Off-highway vehicles soon to be permitted on city roadways

ATV file photo

Off-highway vehicles will be permitted on some roads and must follow specific traffic safety bylaws.

Off-highway vehicles will soon be permitted on roads within the City of Chestermere.

City Council passed the first reading of the Traffic Control Bylaw as amended on May 10, where off-highway vehicles under certain conditions can be used on city roadways. 

“When we looked at this bylaw, research was conducted throughout other municipalities throughout the province,” Chestermere Community Peace Officer Sgt. Trever Bowman said.

A permitted off-highway vehicle is designed to operate off-road and, on a highway, and must be equipped with an operational headlight, taillight, brake light, and muffler. The vehicle must be registered, insured, have a valid license plate, and the driver and passengers must be wearing appropriate safety equipment. 

Off-highway vehicles cannot operate within the city on any portion of recreation area, school or playground, open space, or parkland, developed or landscaped areas, or on private property without permission of the property owner.

The first proposal of the bylaw indicated that permitted off-highway vehicles may be operated on a highway within Chestermere where the posted speed limit is 40 km/h or less.

“Our concern is the public safety aspect of it, our residents and visitors are not going to be used to seeing off-highway vehicles on our roads.
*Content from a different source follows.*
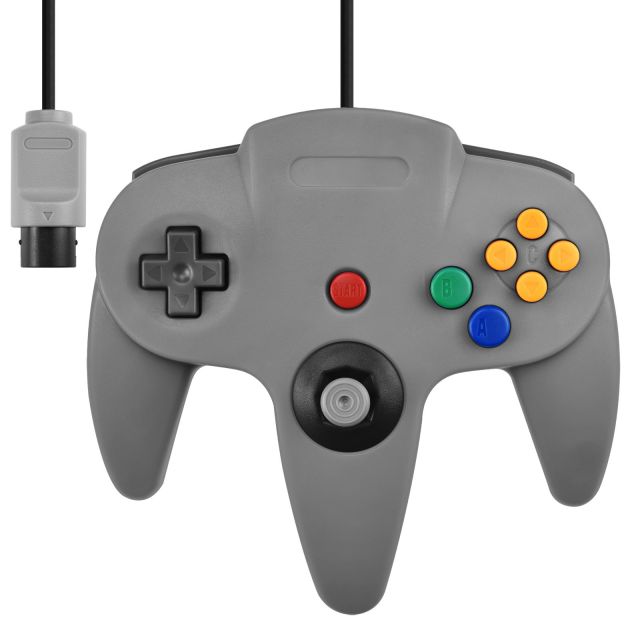 N64 controller Grijs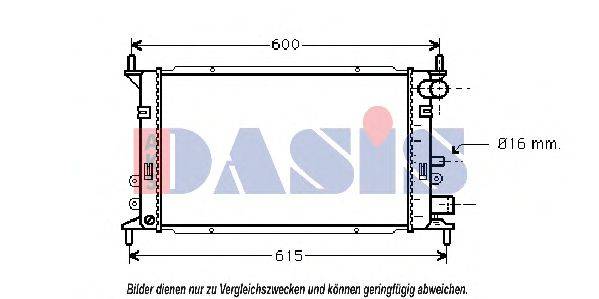 AKS DASIS 090590N Радіатор, охолодження двигуна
We’re concerned about collisions involving these vehicles, the slower the speed limit they are travelling, injuries are significantly reduced,” Bowman said.

The permitted off-highway vehicles must be riding on the right-hand side of the roadway whenever possible, to not impede with the flow of traffic, obey all traffic control devices, and when travelling in a group, must be single file.
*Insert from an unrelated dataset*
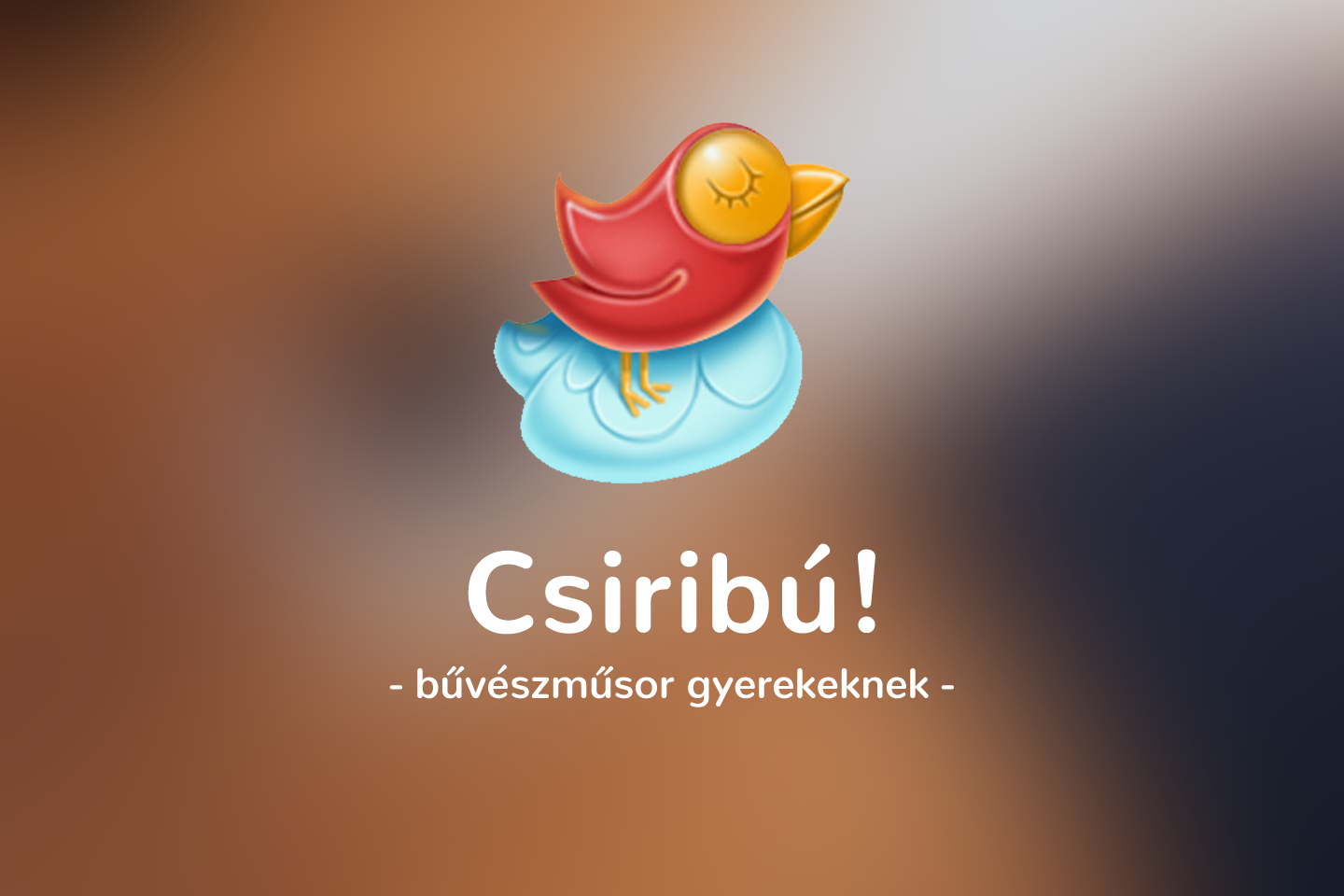 Csiribú! bűvészműsor gyerekeknek logó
“We’re acting out of caution and prudence on this, these vehicles won’t be highly visible in some cases, and drivers aren’t going to be used to seeing them,” Bowman said.

City Councillor Sandy Johal-Watt expressed concerns that residents won’t be used to seeing off-highway vehicles on Chestermere roadways. 
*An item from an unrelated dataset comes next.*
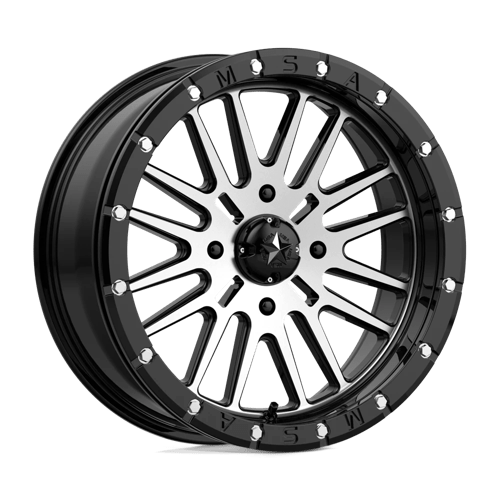 MSA Offroad Wheels M37 BRUTE BEADLOCK ST GLOSS BLACK MACHINED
“Residents not being used to seeing these types of vehicles did cause me concern for the wellbeing of the drivers in a vehicle, and the driver of an off-road vehicle as well,” Johal-Watt said. “I want to make sure we’re prudent in ensuring the safety of our residents is our highest priority.”

Council directed city administration to look into legal for the entire bylaw, look into the speed limit restrictions, the implications of crossing major roads and crossing the bridge, and other roadway traffic in an off-highway vehicle, and legal liabilities.